If the Defendant is successful in any application to strike claims out of Court for whatever reason, and the claim has not been allocated to a track, the Claimant is liable to pay the Defendant's costs.

 

Cobbetts Solicitors are based in Manchester City Centre. As such there are four grades of fee earner. On summary assessment of costs a Court will generally not allow costs to be claimed above these hourly rates:

 

Grade 1: solicitors with more than 8 years post-qualification experience with at least 8 years litigation experience

Grade 2: solicitors and legal executives (Fellows of the Institute of Legal Executives) with more than 4 years post-qualification experience with at least 4 years litigation experience

Grade 3: Other solicitors, legal executives and fee earners of equivalent experience

Grade 4: Trainee solicitors, para legals and other fee earners

 

In Manchester, since January 2005, the rates allowed for these grades are:

Grade 1: £184 per hour

Grade 2: £163 per hour

Grade 3: £137 per hour

Grade 4: £100 per hour

 

Be under no illusion here.
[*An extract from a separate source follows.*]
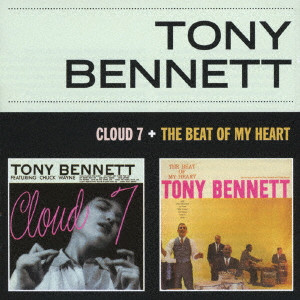TONY BENNETT / トニー・ベネット / CLOUD 7 + THE BEAT OF MY HEART / クラウドセブン+ザ・ビート・オブ・マイ・ハート +4ボーナストラックス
In particular, with Cobbetts and RBS claims - if you do not reply to the Defendant's Part 18 Request, Cobbetts could more than likely advise their client that the best course of action to take would be to make an application to the Court to strike out your claim on the basis that you have failed to comply with a request - at the very least, the Court would order you to provide this information and pay the Defendant's costs of and occasioned by the application - at the very worst, the Court would strike your claim out and order you to pay the entirety of the Defendant's costs of the action from start to finish (only the solicitor's costs) at the rates quoted above. It is likely that Miss Burgoyne of Cobbetts would be able to charge £137 per hour for her work. It is likely that Richard Webb would be able to charge £184 per hour for his work. It is also likely that Cobbetts have some private client arrangement with RBS to charge more or less than these rates.

 

I work for a firm of commercial solicitors in Manchester City Centre. I am a para legal. I am not a solicitor. I am not a legal executive. I have nearly 15 years of experience in litigation matters. I am only passing on some of my experience and I apologise if anything I have said is incorrect - if you wish to obtain legal advice, you should do so independently and not rely on what you read on these forums.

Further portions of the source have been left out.